<<<<

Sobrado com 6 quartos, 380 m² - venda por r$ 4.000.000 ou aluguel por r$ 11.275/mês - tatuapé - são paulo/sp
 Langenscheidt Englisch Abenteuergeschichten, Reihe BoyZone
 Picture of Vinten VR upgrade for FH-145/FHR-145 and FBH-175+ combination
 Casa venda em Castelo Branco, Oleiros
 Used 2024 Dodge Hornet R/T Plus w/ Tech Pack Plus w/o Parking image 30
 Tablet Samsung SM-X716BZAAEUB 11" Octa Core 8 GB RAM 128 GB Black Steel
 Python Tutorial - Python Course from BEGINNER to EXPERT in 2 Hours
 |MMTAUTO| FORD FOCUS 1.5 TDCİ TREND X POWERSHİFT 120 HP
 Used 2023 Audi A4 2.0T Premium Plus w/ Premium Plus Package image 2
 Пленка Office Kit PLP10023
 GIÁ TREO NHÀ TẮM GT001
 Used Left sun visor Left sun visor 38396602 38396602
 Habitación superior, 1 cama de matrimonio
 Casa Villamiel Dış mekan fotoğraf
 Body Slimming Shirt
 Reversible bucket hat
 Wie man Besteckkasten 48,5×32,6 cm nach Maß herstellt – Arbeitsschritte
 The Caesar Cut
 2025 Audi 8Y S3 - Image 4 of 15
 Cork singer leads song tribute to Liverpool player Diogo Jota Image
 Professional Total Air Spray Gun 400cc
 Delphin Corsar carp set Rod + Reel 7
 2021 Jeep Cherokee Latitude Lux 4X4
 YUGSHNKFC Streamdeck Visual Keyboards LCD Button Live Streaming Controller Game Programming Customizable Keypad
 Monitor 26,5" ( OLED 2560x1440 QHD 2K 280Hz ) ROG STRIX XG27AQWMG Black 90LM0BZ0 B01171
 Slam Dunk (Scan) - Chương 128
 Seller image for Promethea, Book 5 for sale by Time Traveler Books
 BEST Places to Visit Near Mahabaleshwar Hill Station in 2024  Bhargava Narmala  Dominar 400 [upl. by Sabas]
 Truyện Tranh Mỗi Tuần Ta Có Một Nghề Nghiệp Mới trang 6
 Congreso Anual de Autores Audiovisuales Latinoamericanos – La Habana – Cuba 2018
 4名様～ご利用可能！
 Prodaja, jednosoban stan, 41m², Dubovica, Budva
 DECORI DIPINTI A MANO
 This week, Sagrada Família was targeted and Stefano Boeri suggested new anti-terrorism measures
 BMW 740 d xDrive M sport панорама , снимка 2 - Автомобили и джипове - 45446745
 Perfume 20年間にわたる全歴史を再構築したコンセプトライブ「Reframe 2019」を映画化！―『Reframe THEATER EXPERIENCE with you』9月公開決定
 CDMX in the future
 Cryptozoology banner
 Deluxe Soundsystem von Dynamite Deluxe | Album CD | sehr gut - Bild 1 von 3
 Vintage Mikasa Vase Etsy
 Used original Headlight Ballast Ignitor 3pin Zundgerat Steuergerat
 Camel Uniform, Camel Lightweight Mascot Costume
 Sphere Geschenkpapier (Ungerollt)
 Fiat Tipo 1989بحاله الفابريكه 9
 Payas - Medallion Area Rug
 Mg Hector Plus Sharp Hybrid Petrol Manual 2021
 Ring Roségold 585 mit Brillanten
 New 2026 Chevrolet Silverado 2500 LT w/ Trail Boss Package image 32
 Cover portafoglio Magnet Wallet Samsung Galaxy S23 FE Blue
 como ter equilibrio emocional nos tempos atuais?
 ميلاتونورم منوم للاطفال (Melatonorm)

>>>>

**Task prompt:** Print the lines above from the one with "YUGSHNKFC Streamdeck Visual" through the one with "This week, Sagrada", both included, exactly as written and nothing more.

**Result:**
 YUGSHNKFC Streamdeck Visual Keyboards LCD Button Live Streaming Controller Game Programming Customizable Keypad
 Monitor 26,5" ( OLED 2560x1440 QHD 2K 280Hz ) ROG STRIX XG27AQWMG Black 90LM0BZ0 B01171
 Slam Dunk (Scan) - Chương 128
 Seller image for Promethea, Book 5 for sale by Time Traveler Books
 BEST Places to Visit Near Mahabaleshwar Hill Station in 2024  Bhargava Narmala  Dominar 400 [upl. by Sabas]
 Truyện Tranh Mỗi Tuần Ta Có Một Nghề Nghiệp Mới trang 6
 Congreso Anual de Autores Audiovisuales Latinoamericanos – La Habana – Cuba 2018
 4名様～ご利用可能！
 Prodaja, jednosoban stan, 41m², Dubovica, Budva
 DECORI DIPINTI A MANO
 This week, Sagrada Família was targeted and Stefano Boeri suggested new anti-terrorism measures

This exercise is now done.